Nami Başer

On çeviri ve beş redaksiyon sonrasında, çeviri üzerine bir iki ilkeye parmak basmak gerekirse, şunları öne sürebilirim:

Birincisi kendi kendime, yazar Türk olsaydı acaba bu söylediğini nasıl dile getirirdi, diye sorarım. Böylece “çeviri kokuyor” diye bir eleştiriden (başkalarının çevirilerine en çok böyle karşı gelirim) kaçındığımı düşünürüm. Buna somut bir örnek verebilirsem, neyi kastettiğim daha kesin bir açıklamaya kavuşur sanırım. Jean Genet’nin Zenciler’’ini çevirdiğim zaman metni bir kere çevirdikten sonra, Galatasaray Üniversitesi tiyatro kolu olarak bu oyunu aynı zamanda sahneye koyuyorduk. Ama provalar sırasında oyuncuların bazı cümleleri telaffuz ederken güçlük çektiklerini saptadım. Çeviri içerik olarak doğruydu ama oyuncunun o cümleyi söylediği  sırada -içlerinden birinin dediği gibi- dili dönmüyordu. O zaman oturup aynı cümleyi Türkçeye yeniden çevirmeye başladım. İçerik aynı kalıyordu ama Türkçeye özgü bir deyiş kazanıyordu.

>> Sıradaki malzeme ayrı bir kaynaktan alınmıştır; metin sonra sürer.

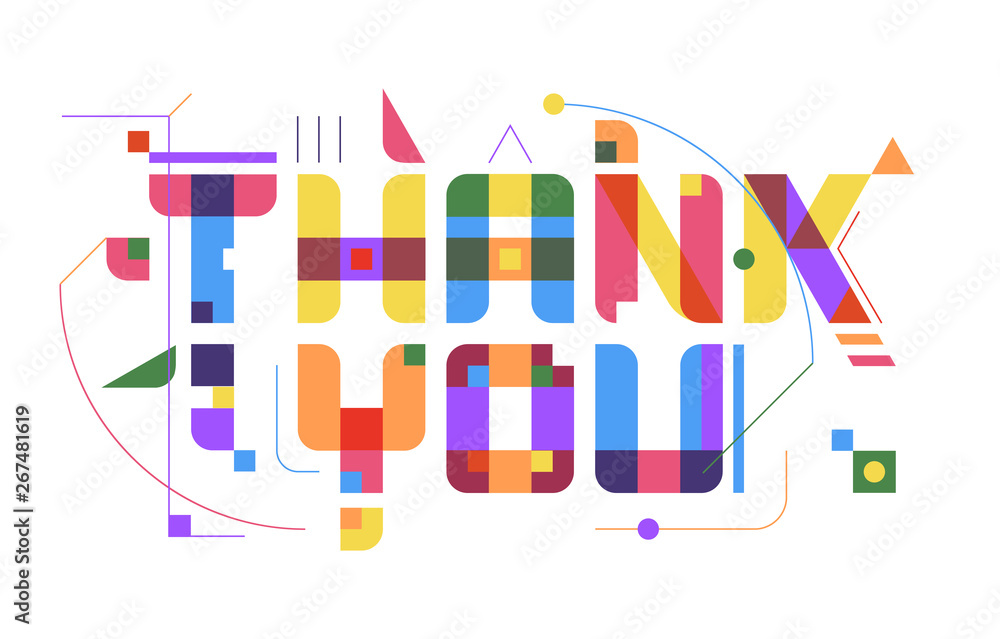 THANK YOU Greeting Card – A postcard design with Colorful funky letters and abstract shapes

Elbette bu nokta bir tür sırat köprüsüdür. Türkçe’ye yaklaştırırken, bu sefer de metni kendi dilinden tamamen uzaklaştırabiliriz. Şiirde bu durum daha tehlikeli. Kaynak dilde hiç kullanılmayan bir takım sözleri eklemek bir yere kadar kabul edilebilir çünkü şiire özgü vezin ve kafiye zorunlulukları böyle bir tutumu gerektirebilir ama bunda da elbette bir ölçü gerekir. Her dilin kendine özgü bir dehası vardır. Onu yakalayabilmek bir yandan esinle ilgilidir, bir yandan da bildiğiniz dillerdeki uygulama, çalışma, alan çokluğuyla.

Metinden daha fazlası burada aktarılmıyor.